### Information given ###

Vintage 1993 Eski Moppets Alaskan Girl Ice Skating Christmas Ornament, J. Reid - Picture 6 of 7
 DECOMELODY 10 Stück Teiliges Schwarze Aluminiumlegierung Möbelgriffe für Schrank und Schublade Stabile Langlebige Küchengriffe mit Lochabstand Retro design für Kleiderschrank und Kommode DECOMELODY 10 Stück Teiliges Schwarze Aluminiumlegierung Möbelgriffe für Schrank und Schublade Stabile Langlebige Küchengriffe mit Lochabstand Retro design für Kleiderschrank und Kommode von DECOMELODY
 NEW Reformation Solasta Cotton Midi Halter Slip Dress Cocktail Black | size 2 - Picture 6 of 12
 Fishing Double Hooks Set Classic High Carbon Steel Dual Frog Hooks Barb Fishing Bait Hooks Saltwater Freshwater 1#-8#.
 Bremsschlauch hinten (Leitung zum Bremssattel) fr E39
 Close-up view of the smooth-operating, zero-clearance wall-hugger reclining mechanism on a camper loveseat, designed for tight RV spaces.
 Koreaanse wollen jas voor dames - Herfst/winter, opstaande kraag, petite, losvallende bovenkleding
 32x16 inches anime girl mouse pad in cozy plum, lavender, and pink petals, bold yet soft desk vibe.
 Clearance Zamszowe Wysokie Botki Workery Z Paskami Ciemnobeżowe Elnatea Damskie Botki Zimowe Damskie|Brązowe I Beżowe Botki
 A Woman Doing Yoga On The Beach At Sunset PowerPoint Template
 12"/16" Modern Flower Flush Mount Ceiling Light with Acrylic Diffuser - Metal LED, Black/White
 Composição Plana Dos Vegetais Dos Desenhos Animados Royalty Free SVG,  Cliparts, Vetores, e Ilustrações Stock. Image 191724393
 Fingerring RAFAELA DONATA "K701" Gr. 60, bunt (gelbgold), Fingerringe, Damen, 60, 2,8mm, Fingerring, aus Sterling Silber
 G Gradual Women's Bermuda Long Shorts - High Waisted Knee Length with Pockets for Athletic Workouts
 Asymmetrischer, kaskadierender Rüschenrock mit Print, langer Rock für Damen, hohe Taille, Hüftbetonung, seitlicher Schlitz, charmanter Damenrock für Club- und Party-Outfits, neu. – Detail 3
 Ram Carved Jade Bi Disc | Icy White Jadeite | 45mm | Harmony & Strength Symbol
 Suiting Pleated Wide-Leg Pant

###

● **Exercise requirements**: Lines holding "Black" are the ones to copy; find all of them in the listing.

● **Result below**:
 NEW Reformation Solasta Cotton Midi Halter Slip Dress Cocktail Black | size 2 - Picture 6 of 12
 12"/16" Modern Flower Flush Mount Ceiling Light with Acrylic Diffuser - Metal LED, Black/White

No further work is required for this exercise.